The claim presented here is based on a contract and seeks to recover additional compensation allegedly owing on a construction project due to "loss of efficiency.” Respondent filed a counterclaim seeking recoupment on Claimant’s alleged failure to meet construction schedules.

The Claimant, Michael J. McDermott & Company, is an Illinois corporation engaged in the business of contracting for labor and materials as a general contrac*410tor. On or about April 23, 1970, the Respondent, State of Illinois, through its Department of Public Works and Buildings, Division of Highways, let bids for reconstructing the superstructure of a five-span bridge for Torrence Avenue over the Little Calumet River in the City of Chicago.

On May 18, 1970, the Respondent awarded the contract for this work to the Claimant.

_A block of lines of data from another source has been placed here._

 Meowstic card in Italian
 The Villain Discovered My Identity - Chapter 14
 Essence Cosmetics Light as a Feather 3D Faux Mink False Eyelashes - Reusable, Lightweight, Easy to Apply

The formal contract was executed on May 27, 1970. On the same day, and subsequently at the State’s request, meetings were held to discuss the possibility of expediting the work to alleviate adverse effects on nearby industrial developments. Commencement of work was already delayed because of a cement masons’ strike.

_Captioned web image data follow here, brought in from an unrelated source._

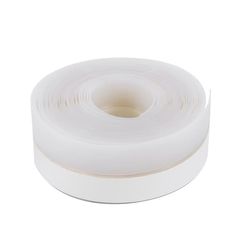 Selvklebende vanntett og vindtett silikonlist (25mm transparent) 10 meter for dører og vinduer Transparent 2.5 cm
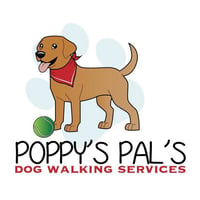 Poppy's Pals dog walking logo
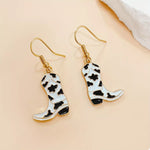 Cowgirl Boot Dangle Earrings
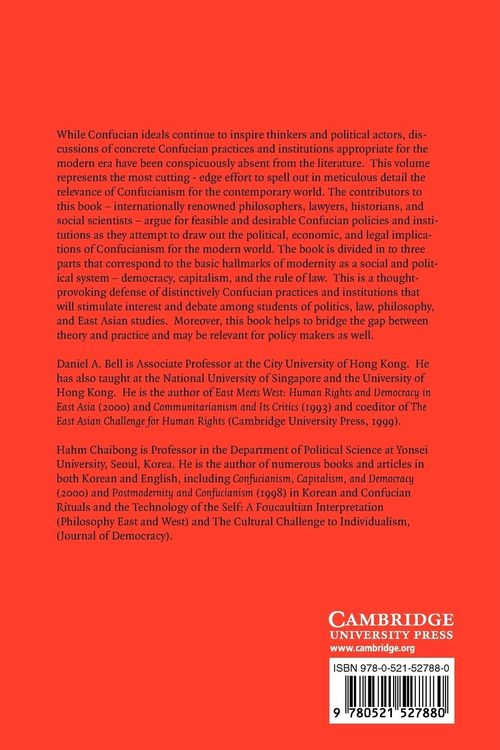 Produktbild: Confucianism for the Modern World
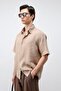 Mink 100% Linen Relaxed Men's Shirt - 5
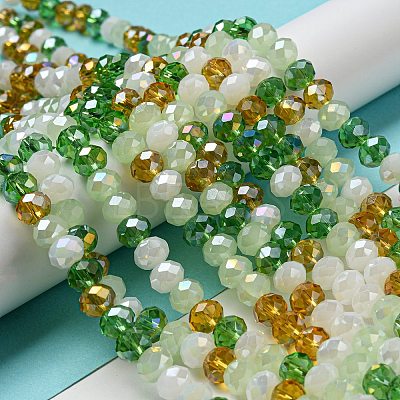 Glass Beads Strands EGLA-A034-M8mm-55-1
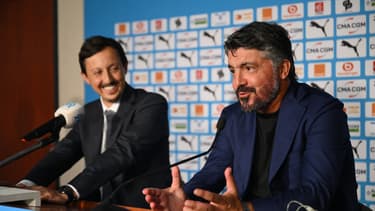 Titre *
Gennaro Gattuso, le nouveau coach de l'OM et son président Pablo Longoria
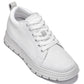 CALTO - X2321 - 2.4 Inches Taller (White/White Sole) - Lace Up Casual Sneaker - Lightweight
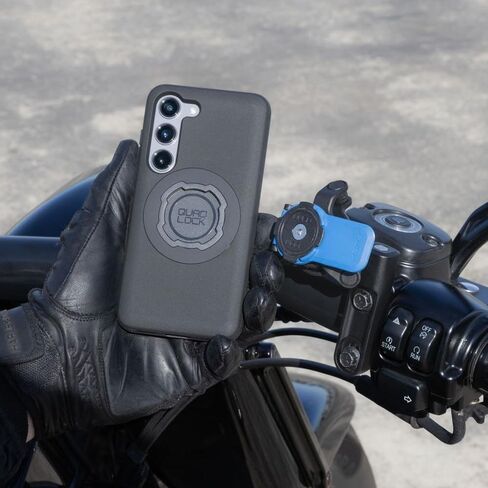 Quad Lock Brake/Clutch Motorcycle Phone Mount with Vibration Dampener and MAG Phone Case for Galaxy S23+ in Saudi Arabia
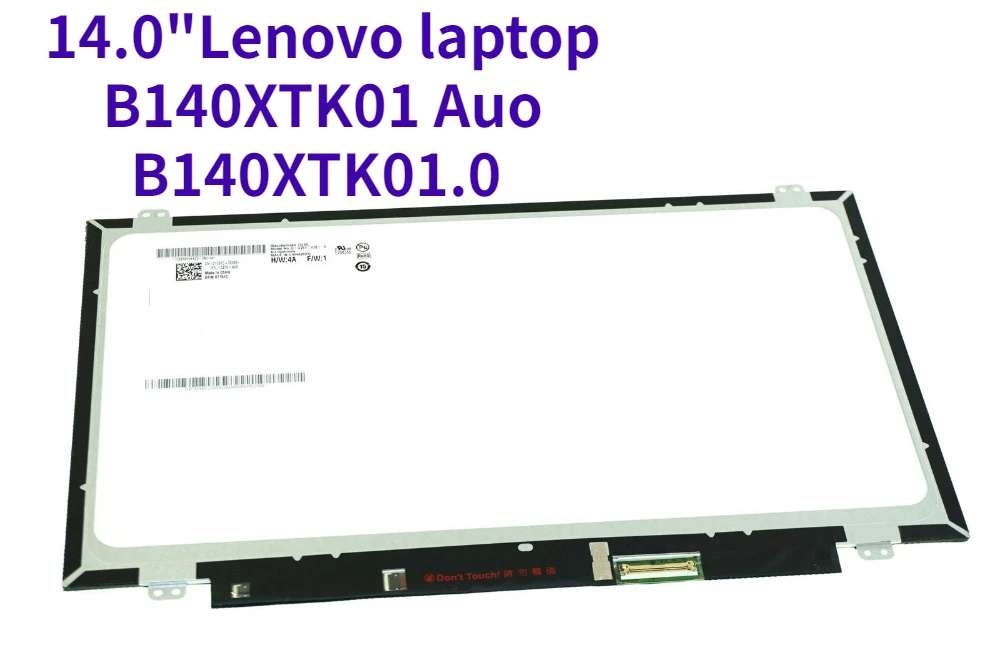 

Для ноутбука AUO B140XTK01.0, для Lenovo B140XTK01 HD 1366X768 с сенсорным экраном 14,0 дюйма HD, светодиодная ЖК-панель, глянцевая сменная панель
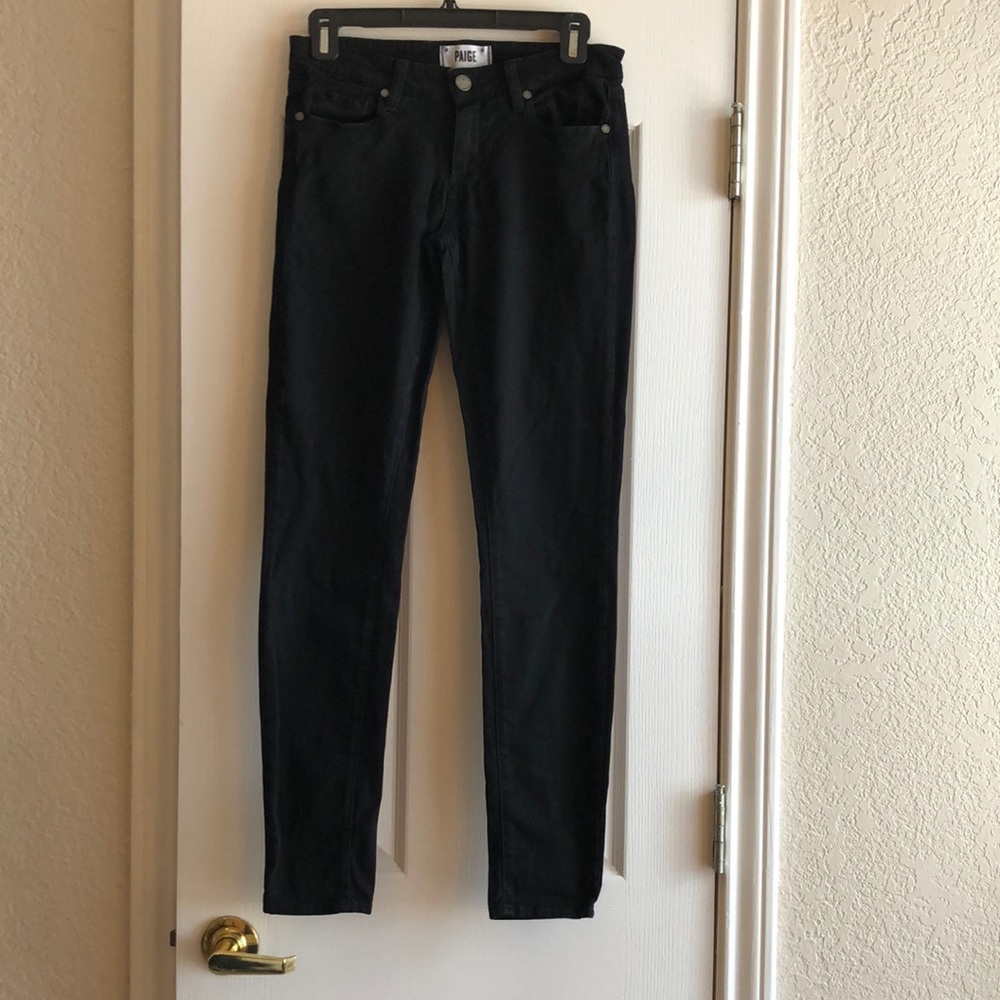 Paige Ultra Skinny Black Jeans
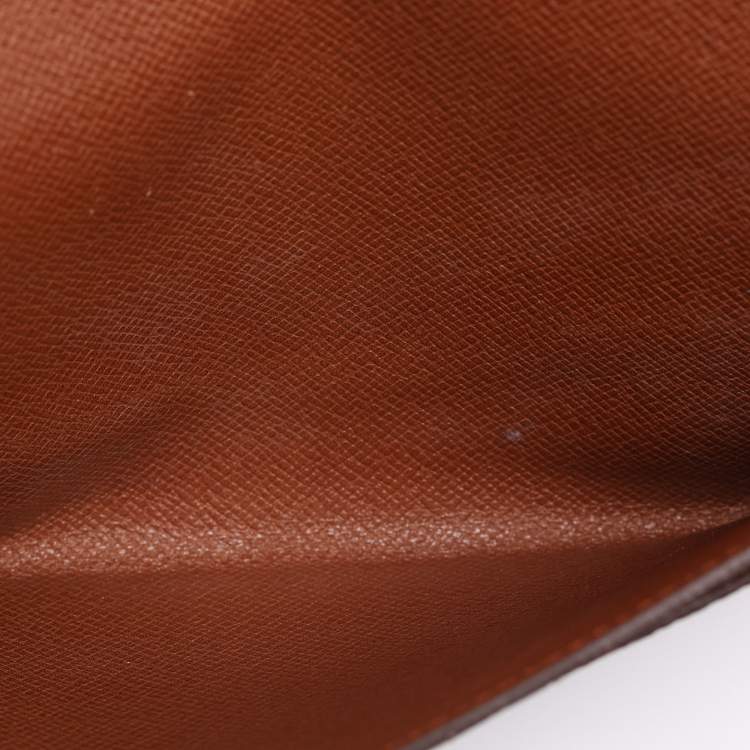 Pre Owned Louis Vuitton Monogram Canvas Bill Flap Wallet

The Claimant prepared a detailed recapitulation of cost for an accelerated schedule and submitted it to the State on June 3, 1970. A disputed issue of fact exists as to exactly what that figure was. Both sides agree that an estimate of $41,704.00 was submitted for costs including premium time. In addition, Claimant alleges it included a figure for "loss of efficiency factor” of $21,317.00 for a total of $63,021.00. In simplest terms, this "loss of efficiency factor” relates to the less than normal level of productivity supposedly exhibited by a worker facing a consistent schedule of overtime work.

At another meeting on July 10th a new work schedule was set consisting of five 10-hour days and one 8-hour day per week. Work was to begin one week after the labor disputes were settled. Mr. Val Gaesor of the State informed Claimant’s Mr. Poynton that approval for the accelerated schedule had been received; that a change order would be processed, and that Claimant would be notified by letter. The letter was issued July 16th. It called for construction beginning July 27th. The *411span was to be open to traffic by October 31st, and remaining work was to be completed within 29 working days.

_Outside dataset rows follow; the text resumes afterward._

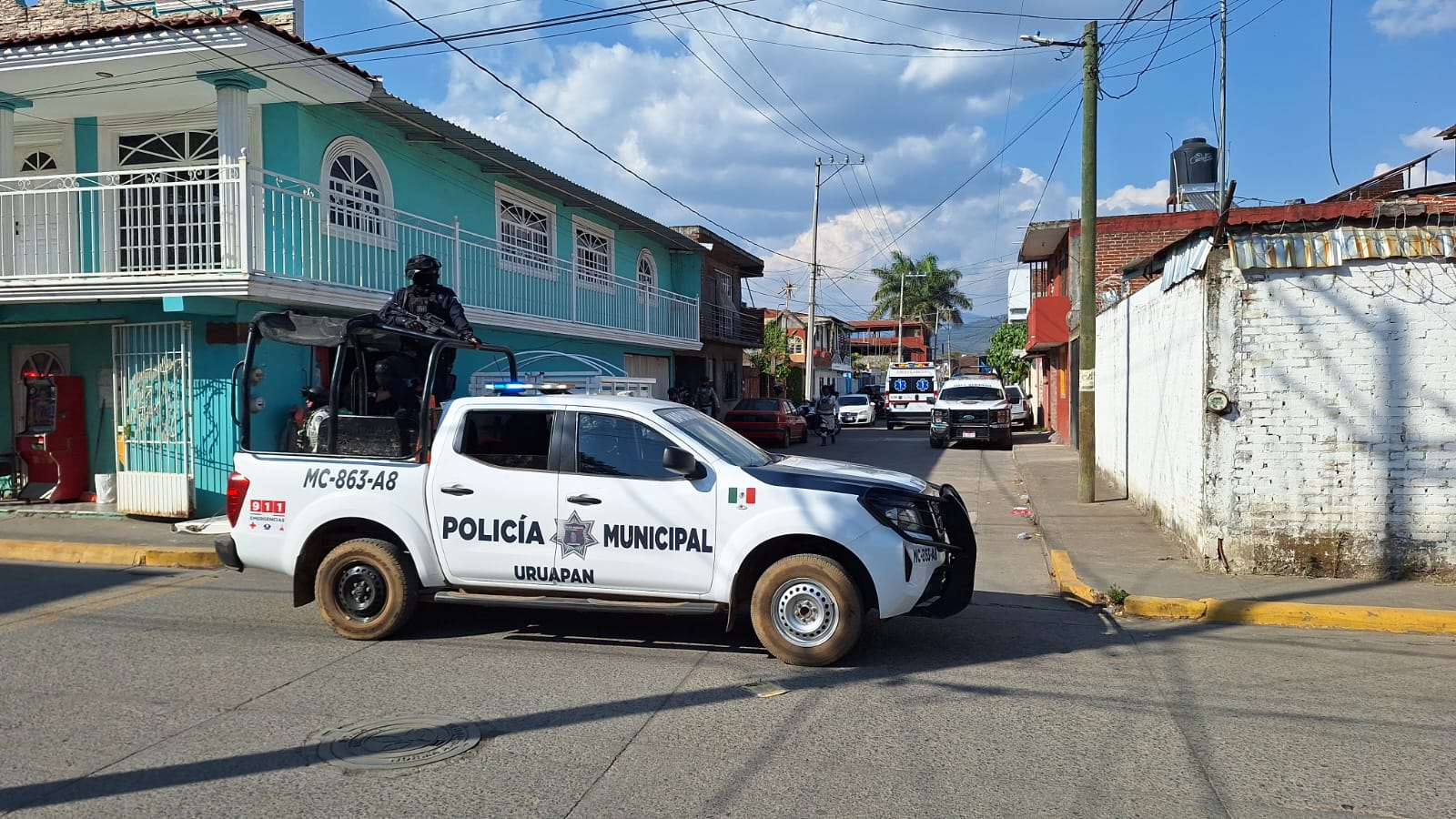 Empistolados matan a tiros a un hombre, en Los Laureles de Uruapan 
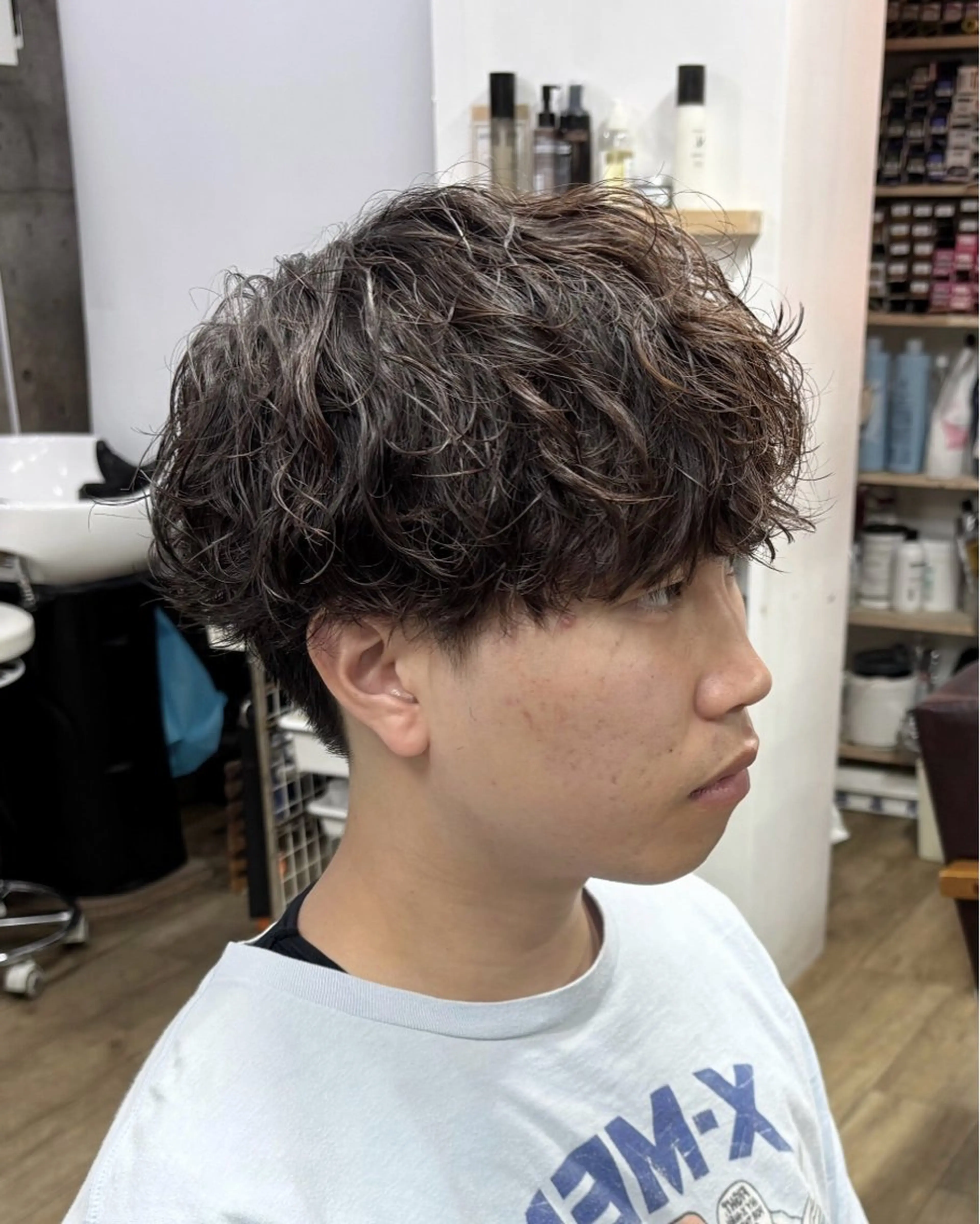 パーマ メンズ メンズパーマ homme, famille raugh【オム・ファミーユ・ラグ】所属・【メンズ特化】パーマ /マッシュ/たいちのヘアスタイル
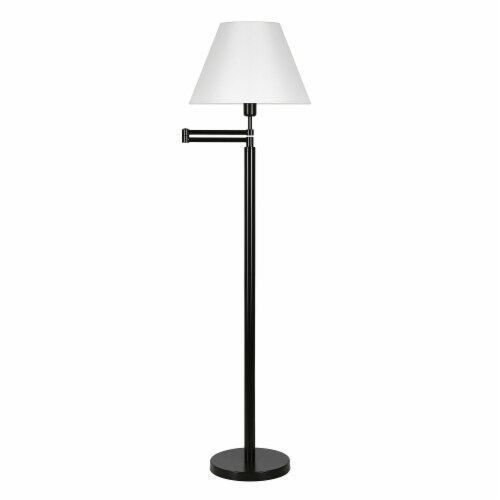Swing arm floor lamp black hotsell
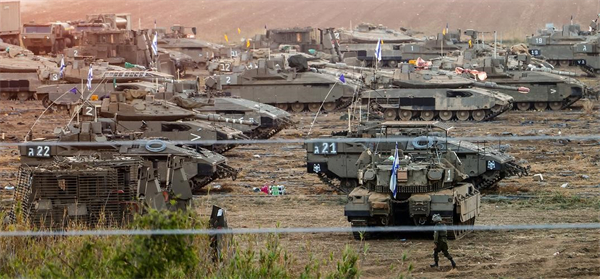以媒称以色列军队准备进入加沙地带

Work began on schedule. The Respondent, on July 31, 1970, authorized a $60,000.00 addition to the contract which was received by the Claimant on August 25, 1970. The construction fell behind schedule early in October, and the roadway was not open to traffic until November 6, 1970. Final work was completed on May, 1971. This, according to project reports, was 25-1/4 working days subsequent to the bridge opening.

The recovery claimed in this case, if it were to be sustained, must be founded upon the existence of a contract, express or implied. There must have been a meeting of the minds by these parties. The question is whether the Respondent expressly or impliedly agreed to pay the Claimant for the "loss of efficiency factor.”

In its argument, Claimant refers to its cost recapitulation of June 3, 1970, as an offer which was later accepted by the Respondent. This interpretation of the facts, however, runs contrary to the way the parties treated these figures. They dealt with them as estimates and not as fixed contractual terms.

The Respondent’s letter of July 16, 1970, [Claimant’s Exhibit 3 and part of Respondent’s Exhibit 1] is phrased as an estimate for the additional non-productive premium time. The similarity to Claimant’s figure is not crucial. According to the testimony of Ron Matthias, former State construction engineer and State’s Exhibit 8, the State’s $60,000.00 figure included over $58,000.00 for non-productive premium time.

The structure of this claim indicates that McDermott Construction Company, Claimant, considered the original figure as an estimate. Claimant’s final bill for *412the work being done on accelerated basis was $43,379.32 including $19,274.88 for "loss of efficiency factor.” This is nearly $20,000.00 less than the original recapitulation and indicates the earlier figure was only an estimate, and final payment being dependent on the actual work done.

Finally, in deciding against this claim, the Court takes notice that there has been no showing of any loss or expenditure by the Claimant as a result of the "loss of efficiency factor.” The State’s payment to Claimant for the accelerated work schedule represents, on the record, adequate and fair compensation.

There is also no basis for Respondent’s counterclaim for recoupment. The weekly reports of the State’s engineer indicate that only 21-3/4 working days were consumed between the opening of the bridge to trafffic and final completion. This figure is well within the 29 working days allowed under the supplemental contractual agreement. [Claimant’s Group Exhibit #6]

It is undisputed that the opening of the bridge to vehicular traffic did not occur until November 6, 1970, or six days late. However, the State at that time accepted the work without objection and in fact made no objection until after the filing of this suit. Such a delay in time amounts to a waiver of the State’s right to ask for penalties, Nibb v. Brauhn, 24 Ill. 268.

Therefore, this Court disallows both the claim and the counterclaim in this case.